“BREATHTAKING” DROP IN DEMAND SHOCKS CHIP COMPANIES

“BREATHTAKING” DROP IN DEMAND SHOCKS CHIP COMPANIES

Earlier this month, leading computer chip makers Samsung Electronics and Advanced Micro Devices (AMD) reported earnings that fell far short of expectations, which many analysts interpreted as a sign that a lasting economic rebound is further away than previously thought, Bloomberg reported.

Samsung, the world’s largest maker of memory chips, posted a 32-percent decrease in operating income. AMD’s number will come in about $1 billion short of its earlier estimate, the company said. 

Micron Technologies and Kioxia Holdings are cutting spending and production to stabilize plunging chip prices. The Taiwan Semiconductor Manufacturing Company has lopped 10 percent from its capital expenditure budget.

Share prices fell not only for AMD and Samsung, but also for makers Nvidia and Intel. ASML Holding, Advantest, and Screen Holdings, which supply chip-making equipment, saw their stock prices sink. Disco Corp, which puts finishing touches on chips, lost more of its market capitalization on 7 October than in the previous two years. 

“It seems end demand [for chips] has likely deteriorated markedly in recent weeks, and end customers appear to be aggressively draining inventory,” analyst Stacy Rasgon at Bernstein Private Wealth Management told Bloomberg. 

AMD’s loss of revenue “is admittedly a bit breathtaking,” she added.

Consumers spent lavishly on all things electronic during the COVID War but now demand has dropped sharply, especially as interest rates and prices for consumer goods continue rising.

Also, the electronics industry has been crimped by U.S. restrictions on exports of advanced technology to China.

“If AMD and Nvidia can’t sell their chips in China, memory makers’ earnings will deteriorate further,” Heo Pil-Seok, CEO of Midas International Asset Management in South Korea said to Bloomberg.
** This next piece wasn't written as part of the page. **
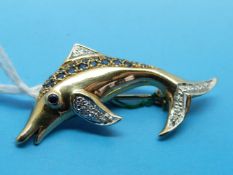 A 9ct gold brooch set with sapphires and diamonds in the shape of a dolphin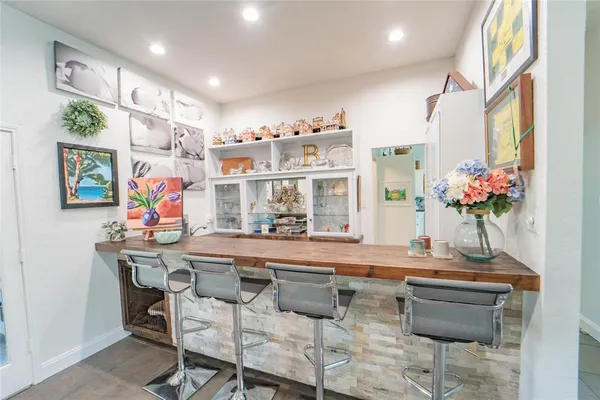 a living room with furniture a flat screen tv and kitchen view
“We would continue to stay away from PC-centric names, which include AMD, Intel, and Nvidia, due to a likely prolonged PC downturn into next year and continued weakness in consumer gaming,” analysts at Robert W. Baird & Co. wrote in a note to clients earlier this month.

Personal computers are steadily losing ground to tablets and smartphones, leaving some chip makers that have focused on PCs scurrying to catch up with changes in the market.
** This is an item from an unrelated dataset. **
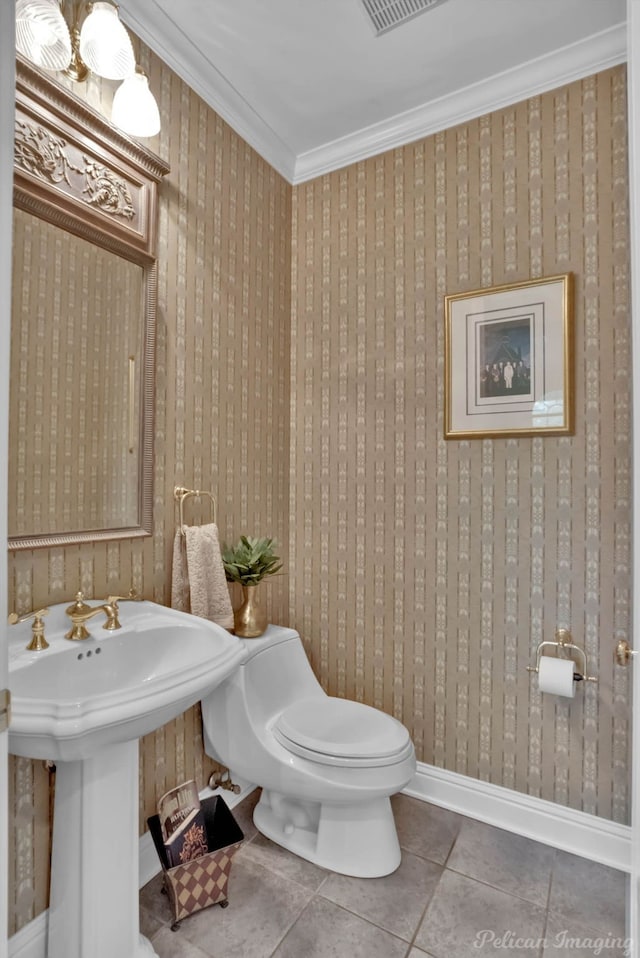 bathroom with tile patterned floors, crown molding, toilet, and sink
The market for memory chips will be soft through 2023, Kyung Kyehyun, chief of Samsung’s chip business, said last month at an employee event. 

The company now has cut its April forecast for chip sales in the second half of this year by 32 percent, he noted.
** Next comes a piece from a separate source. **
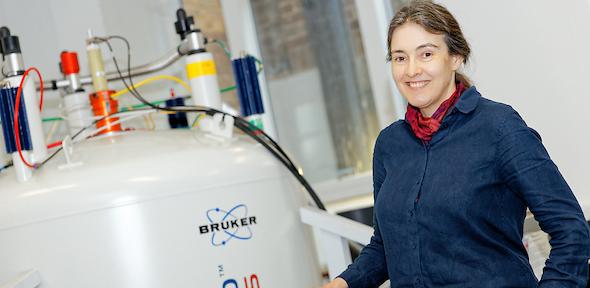Professor Clare Grey standing next to an NMR machine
TREND FORECAST: When the COVID War began in January 2020, the companies that profited the most were hi-tech. Indeed, they were the first to tell their employees to work remotely, which meant more need for more high-tech. And with schools closed and children learning remotely—and locked up and forbidden to go out and play—they heavily emerged into the Metaverse world of hi-tech interaction, games and entertainment… all of which heavily boosted the bottom line of the tech world.

Those days have ended and so have the high sales for high tech.